In Nusach Ashkenaz, Ahava rabbah is recited during Shacharit, and Ahavat Olam during Maariv. The Talmud provides differing views on which one should be recited. As a compromise, Ahava Rabbah (being the longer of the two) is recited in the morning, and Ahavat Olam in the evening. In the Sephardic rite, as well and many Nusach Sefard communities, Ahavat Olam is recited in both the morning and the evening.

In many communities, during Ahava rabbah, at the words "Bring us in peace from the four corners of the earth [to our land]", the four corners of the tzitzit are gathered in one's hand. They are held throughout the Shema and kissed four times during the third paragraph of the Shema and once during Emet Veyatziv (the paragraph following the Shema) and then released. The gathering of the tzitzit on these words is symbolic of the gathering of the Jewish people to its land.

Ahava rabbah is recited immediately before the Shema because its recital brings on the obligation to immediately learn, or at the very least, recite verses from the Torah.
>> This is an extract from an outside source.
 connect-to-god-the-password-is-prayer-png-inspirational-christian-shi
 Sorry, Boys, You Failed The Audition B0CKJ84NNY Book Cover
Since the Shema is composed of verses from the Torah, its recital fulfills that obligation.

The recitation of Ahava Rabbah fulfills the mitzvah of saying a blessing before Torah study. Normally, verses from the Torah are recited during Birkat HaShachar. But if one forgets to recite these verses then, the obligation is met through the recitation of Ahava Rabbah. However, the recitation of the Shema does not meet the requirement for learning after reciting the blessing on Torah study, even though it is composed of verses from the Torah, and one must learn something immediately following prayers in order for Ahava Rabbah to work in this capacity.
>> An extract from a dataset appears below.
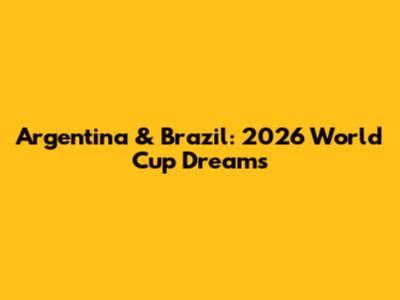 Argentina & Brazil: 2026 World Cup Dreams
In Nusach Ashkenaz, a special piyyut (called an ahavah) is inserted before the conclusion of this blessing on special sabbaths. Most notable are the ahavah piyyutim recited in the Eastern Ashkenazic rite on the sabbaths between Passover and Shavuot - these poems include a dialogue between the Jewish people and God, where the Jewish people complain that the persecution has become so difficult and ask for redemption and God comforts them.